The professional developer simply must consider the language and its available frameworks. Much like Paul Graham’s arguments above, I want to maximize the end result while minimizing my effort. The problem with most of the debate is that when people boil examples down to code, they’re not solving real problems. How many times, in your professional career, have you written a function to generate a Fibonacci sequence?

I did some poking around for tutorials on building a simple, but halfway real, web application in each language. CLiki points me to this tutorial by Pieter Breed. Paul Graham also offers more technical details on how he built his applications, but his framework isn’t publicly available. For Ruby on Rails there are several demonstration screencasts to watch.

Breed’s Lisp-based tutorial takes me back to writing web applications circa 1998 – writing all the SQL by hand, generating HTML in your code, etc.. Ick. Does this imply that Lisp is a bad language for web apps? No, but it implies that the frameworks (or libraries, in Lisp terms) are nowhere near as high-level as Rails. Watch the Rails “create a blog in 15 minutes” video for comparison.

[Update 2006-01-21] Frank points out in the comments that there’s an excellent screencast to watch demonstrating the Lisp library Uncommon Web. This looks like a better starting point than Breed’s tutorial. Also, Zak points out this HTML template library, this SQL object/relational mapping system, and other libraries in his comments. Thanks, guys!

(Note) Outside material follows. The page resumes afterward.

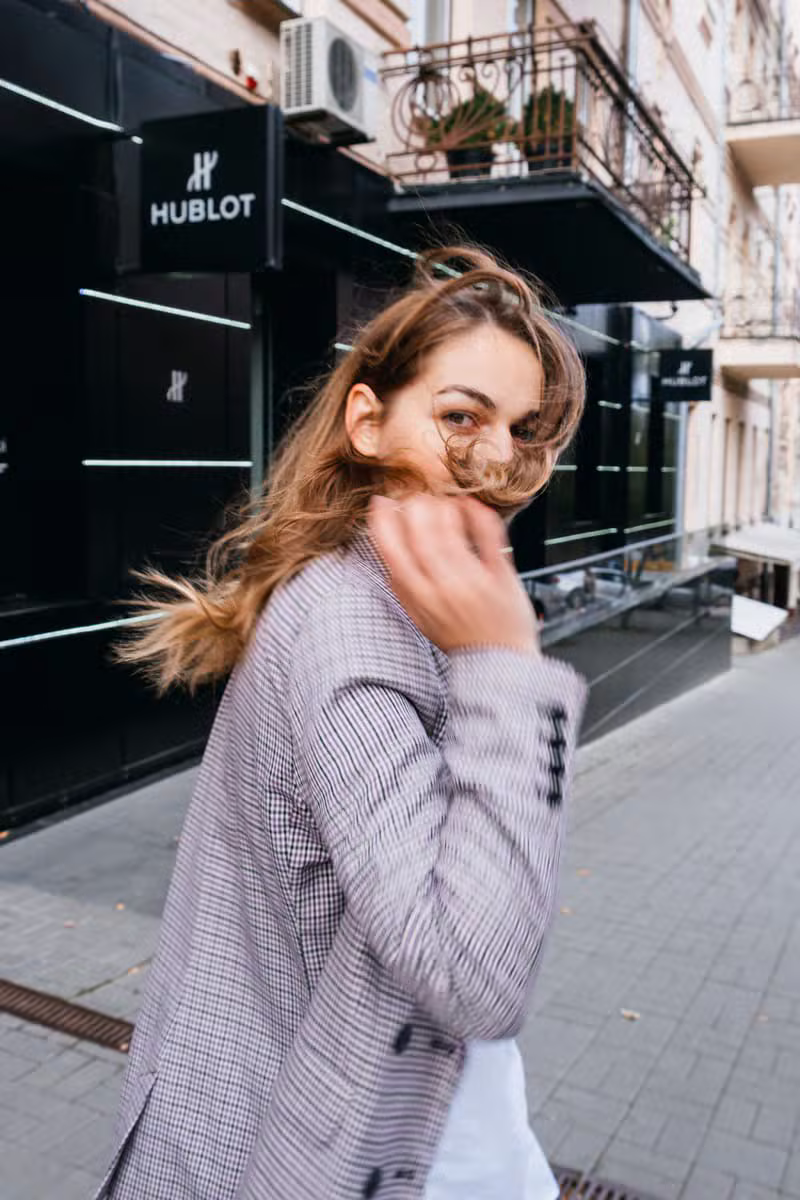 Model wearing modern minimal tailoring in daylight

Now I don’t mean to bash Lisp here, I’m just commenting on the debate as I see it. Or, more specifically, the part of the debate I’m interested in: the best combination of freely-available language and tools for building web applications. And I define “best” in terms of “will it help me build stuff quick, and not get nasty as the application gets complex?”

Conclusion

It appears from the outside that Lisp, as a language, has the power to equal or better Ruby. But Ruby, when combined with Rails, puts you so far ahead of the game that it doesn’t matter. That balance may change if the Lisp community builds their own Rails-style library, and for the sake of competition challenging everyone to get better, I hope they do.

For my own edification I plan to learn Lisp better. It’ll serve me well in the short term – I’m still an Emacs geek – and in the long term for how it changes my thinking. Graham again: “…programming languages are not just technology, but what programmers think in. They’re half technology and half religion.”

But the core language is only half the picture. It turns out Ruby is a pretty darn good language. Good enough to create Rails with, and good enough to get things done, right now. As others in the debate have noted, “batteries are included.” That’s a winning combination.

[Update 2006-01-21] Lisp’s problem is a lack of message. It’s hard to tell what the Lisp community considers the best libraries and best practices for building web apps. At best, cliki.net provides an unranked laundry list of of libraries. At worst, it actively misleads potential developers by putting Pieter Breed’s tutorial at the top of its “Web” section.

There are best practices common to nearly all web apps, e.g. separation of presentation and logic, and there are best practices for languages to get maximum leverage from that language’s features. As such, the Lisp community needs their version of David Heinemeier Hansson to bring things together. This figure needs to provide a “happy path” which uses the power of Lisp and the best collection of its libraries to address common web application needs. (Paul Graham, you up for it?)